Languages & Representations

On Friday (10-09-2010) we finished the subject "Languages" by learning about different web development languages. The most basic way of creating a webpage is by coding in HTML. When you want to have a more advanced layout, CSS can be used, a language specifically suited to webpage layout.

The problem with only coding in HTML or HTML+CSS is that the content on the page is the same for every user. When you want to display a different page for each user, you have to use PHP (or a similar language like ASP) to display content based on user input. A common use of PHP is a login system. The user has to provide his or her credentials, and somewhere in the PHP code a database server will be asked to look for a record with the matching user name and password. When this record exists, the user will be directed to a personal page, and when this record doesn't exist, the user will be asked to log in in again.

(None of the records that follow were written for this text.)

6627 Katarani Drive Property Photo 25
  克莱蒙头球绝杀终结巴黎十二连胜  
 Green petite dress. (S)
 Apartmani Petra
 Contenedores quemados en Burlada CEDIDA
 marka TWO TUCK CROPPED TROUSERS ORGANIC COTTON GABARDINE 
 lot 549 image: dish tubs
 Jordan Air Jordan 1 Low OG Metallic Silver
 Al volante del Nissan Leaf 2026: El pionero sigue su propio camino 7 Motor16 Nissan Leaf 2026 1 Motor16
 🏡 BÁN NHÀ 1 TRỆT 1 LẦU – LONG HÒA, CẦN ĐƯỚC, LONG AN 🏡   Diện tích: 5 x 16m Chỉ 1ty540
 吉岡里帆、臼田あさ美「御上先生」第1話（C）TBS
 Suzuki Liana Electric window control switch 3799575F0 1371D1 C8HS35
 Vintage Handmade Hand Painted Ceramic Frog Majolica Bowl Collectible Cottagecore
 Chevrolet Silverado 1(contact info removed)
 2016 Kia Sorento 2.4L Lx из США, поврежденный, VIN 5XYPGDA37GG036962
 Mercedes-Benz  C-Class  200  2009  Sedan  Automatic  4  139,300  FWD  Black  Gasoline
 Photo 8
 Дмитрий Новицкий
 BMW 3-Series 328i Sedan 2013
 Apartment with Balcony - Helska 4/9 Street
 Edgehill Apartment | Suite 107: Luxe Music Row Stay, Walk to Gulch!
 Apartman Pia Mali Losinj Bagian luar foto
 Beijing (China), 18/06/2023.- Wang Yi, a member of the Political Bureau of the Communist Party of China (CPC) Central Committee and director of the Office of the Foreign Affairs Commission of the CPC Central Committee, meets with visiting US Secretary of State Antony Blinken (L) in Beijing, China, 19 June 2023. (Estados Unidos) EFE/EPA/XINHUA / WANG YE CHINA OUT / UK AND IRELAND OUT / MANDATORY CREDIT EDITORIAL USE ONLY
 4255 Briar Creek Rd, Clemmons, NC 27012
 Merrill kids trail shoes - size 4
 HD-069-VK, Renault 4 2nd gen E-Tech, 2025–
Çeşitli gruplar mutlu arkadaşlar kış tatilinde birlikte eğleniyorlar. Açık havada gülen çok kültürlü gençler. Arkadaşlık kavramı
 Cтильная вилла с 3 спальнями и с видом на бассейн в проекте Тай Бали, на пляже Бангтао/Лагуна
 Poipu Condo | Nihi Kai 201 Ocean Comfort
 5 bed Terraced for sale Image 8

Web developers nowadays want more than just a static page though. To be able to update the page without refreshing, Javascript can be used. Due to the increased need for user provided content since Web 2.0, an extension had to be build on top of Javascript, which makes it possible to put data in a database or read data from a database without refreshing the page.

After "Languages" we discussed "Representations". Representations are a very important subject in Computer Science, because it affects file size, ease of use and accuracy. The examples that were provided for representations were JPG and GIF. Both are image formats, but they have a very different way of keeping file size reasonable. JPG uses macro blocks at the smallest level. In these blocks, the pixels only differ in brightness, and not in colour, which results in smaller files, because it isn't necessary to storage brightness and colour for each individual pixel. GIF does store brightness and colour for every pixel, but uses another trick to keep filesizes down: the palette of colours is limited to 256 colours.  Although this results in small files, it also limits the file format in its use. A photo, for example, can't be properly displayed in the GIF format. When you only want to show a drawing with a limited amount of colours, however, GIF is a viable option.

We ended the lesson by looking at the representation of numbers, which is often binary in the digital domain.